An illustration of permutation testing

Overview

This notebook demonstrates basic concept of permutation testing:

How is permutation test performed?
How does permutation test compare to the equavalent analytical solution?

Please refer to the Example problem and Simulation study design sections of this notebook for the setup of the example used below.

An illustration in R

Code below is copied from this notebook.

# This function performs a regular two-sample t-test, two-sided
t_test <- function(x, y) {
    res <- t.test(x, y, paired=T)
    # statistic d-> N(0,1) so tatistic^2 is 1-df chi-squared
    return (list(stat=res$statistic^2, p=res$p.value))
}

# Evaluate type I error or statistical power
run_simulation <- function(.simulate, param_x, param_y, .test, nrep, cutoff, statistic = 'p_value') {
    sig <- 0
    for (i in 1:nrep) {
      x <- do.call(.simulate, param_x)
      y <- do.call(.simulate, param_y)
      res <- .test(x, y)
      condition <- ifelse(statistic == 'p_value', res$p < cutoff, res$stat > cutoff)
      if (condition) sig <- sig + 1
    }
    res <- sig/nrep
    return(res)
}

Now we add an additional function implementing a permutation-based t-test:

# Run a permutation test
perm_test <- function(x, y, nperm = 1000) {
    stat <- (mean(x) - mean(y))^2
    stats <- vector()
    for (i in 1:nperm) {
      pxy <- sample(c(x,y))
      stats[i] <- (mean(pxy[1:length(x)]) - mean(pxy[(length(x) + 1):length(pxy)]))^2
    }
    return(list(stat=stat, p=length(which(stats>=stat))/nperm))
}

First let’s compare on the same data-set how these tests compare:

set.seed(999)
nsample <- 1000
x = runif(nsample, 0, 1)
y = runif(nsample, 0.06, 1)
print('t-test:')
t_test(x,y)
print("permutation test")
perm_test(x,y)

[1] "t-test:"

$stat: t: 5.99421417154389
$p: 0.014523963776656

[1] "permutation test"

$stat: 0.000956946889773521
$p: 0.015

they are very similar to each other.

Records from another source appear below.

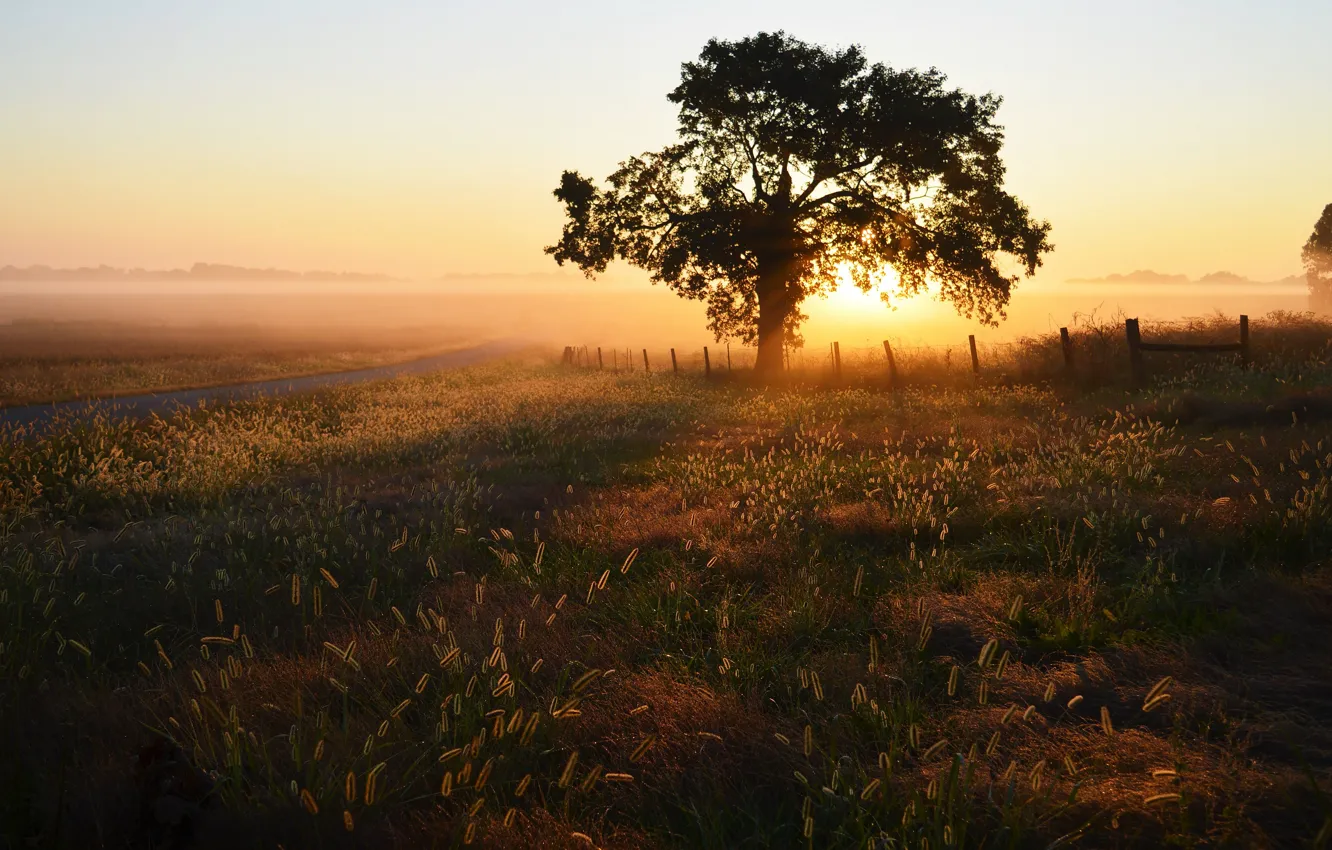 Photo wallpaper field, the sun, trees, sunset, dawn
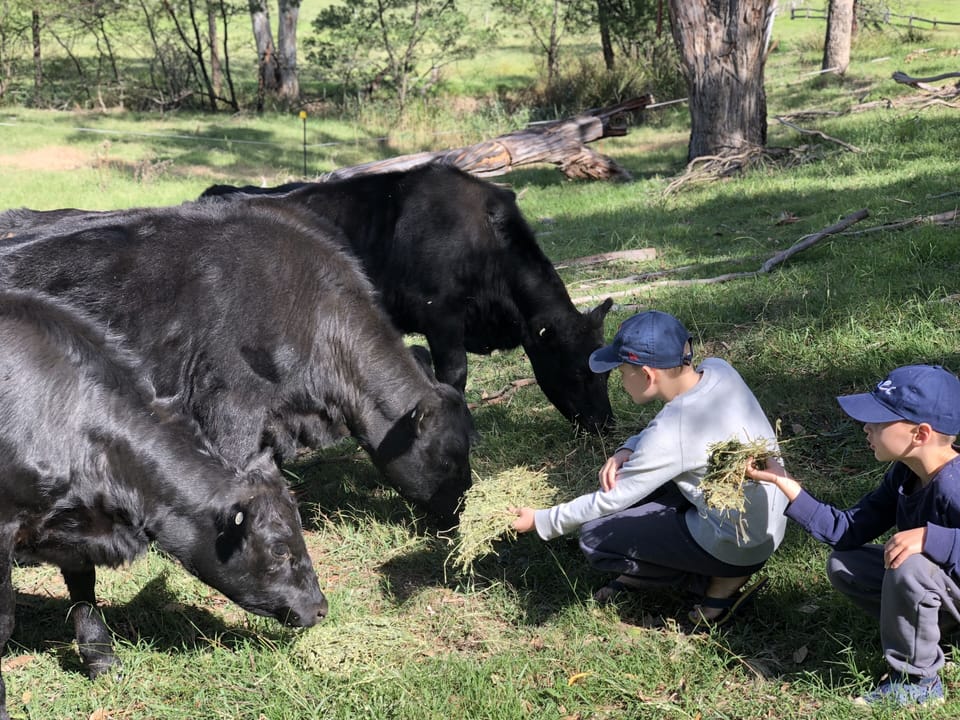 Feeding the Cows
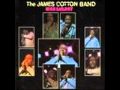 The James Cotton Band I got a feeling.wmv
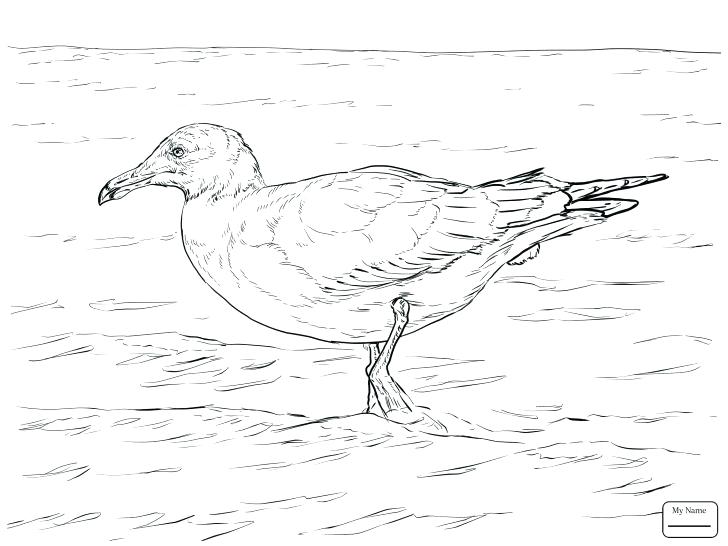 728x546 Seagull Coloring Page Medium Size Of Coloring Pages Online Mandala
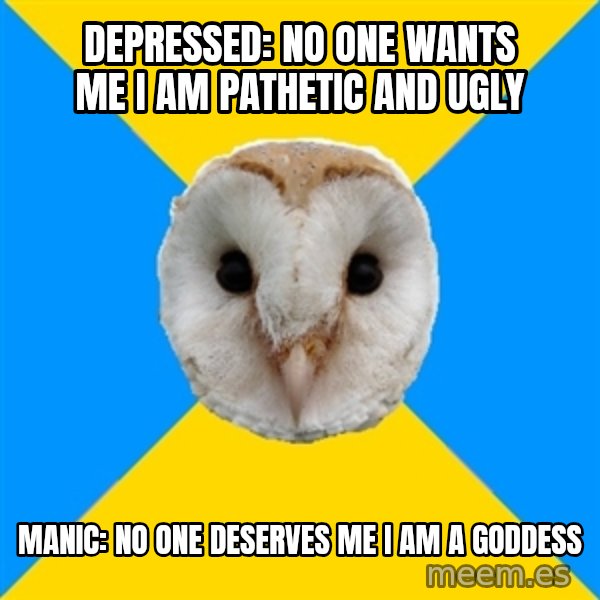 Bipolar Owl meme: Depressed: no one wants me i am pathetic and ugly / Manic: no one deserves me i am a goddess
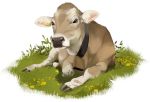  2018 alpha_channel bovine brown_swiss_cattle cattle collar cowbell ear_tag eyelashes female feral flower grass hooves lying mammal nakoo on_ground plant simple_background solo transparent_background 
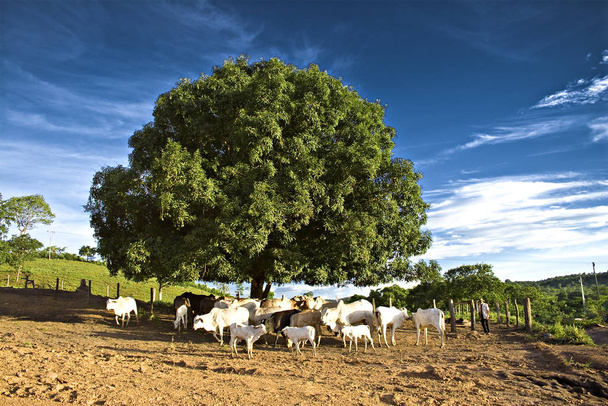 Vacas bajo el árbol en el desierto brasileño de Jalapo en el estado de Tocantins
 - Foto, Imagen
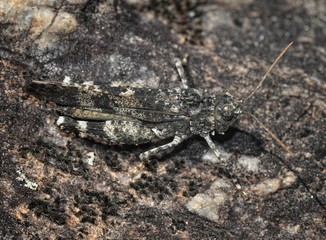 Blauflügelige Ödlanschrecke (Oedipoda caerulescens)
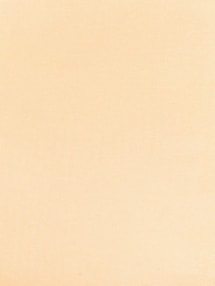 Warm Cream Daylight 89mm Vertical Blind Replacement Slats Warm Cream Daylight 89mm Vertical Blind Replacement Slats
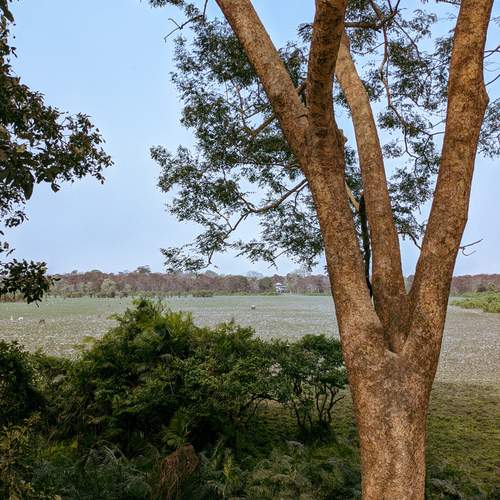 Photo #12055651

To formally evaluate the type I error and statistical power between these tests as in this notebook:

set.seed(999)
nsample <- 100
nrep <- 1000

print('t-test type I error:')
run_simulation(runif, list(n=nsample, min=0, max=1), list(n=nsample, min=0, max=1), t_test, nrep, 0.05, statistic = 'p_value')
print('t-test power:')
run_simulation(runif, list(n=nsample, min=0, max=1), list(n=nsample, min=0.1, max=1.1), t_test, nrep, 0.05, statistic = 'p_value')
print('permutation test type I error:')
run_simulation(runif, list(n=nsample, min=0, max=1), list(n=nsample, min=0, max=1), perm_test, nrep, 0.05, statistic = 'p_value')
print('permutation test power:')
run_simulation(runif, list(n=nsample, min=0, max=1), list(n=nsample, min=0.1, max=1.1), perm_test, nrep, 0.05, statistic = 'p_value')

[1] "t-test type I error:"

0.05

[1] "t-test power:"

0.681

[1] "permutation test type I error:"

0.04

[1] "permutation test power:"

0.684

The behavior of type I error and power are also comparable.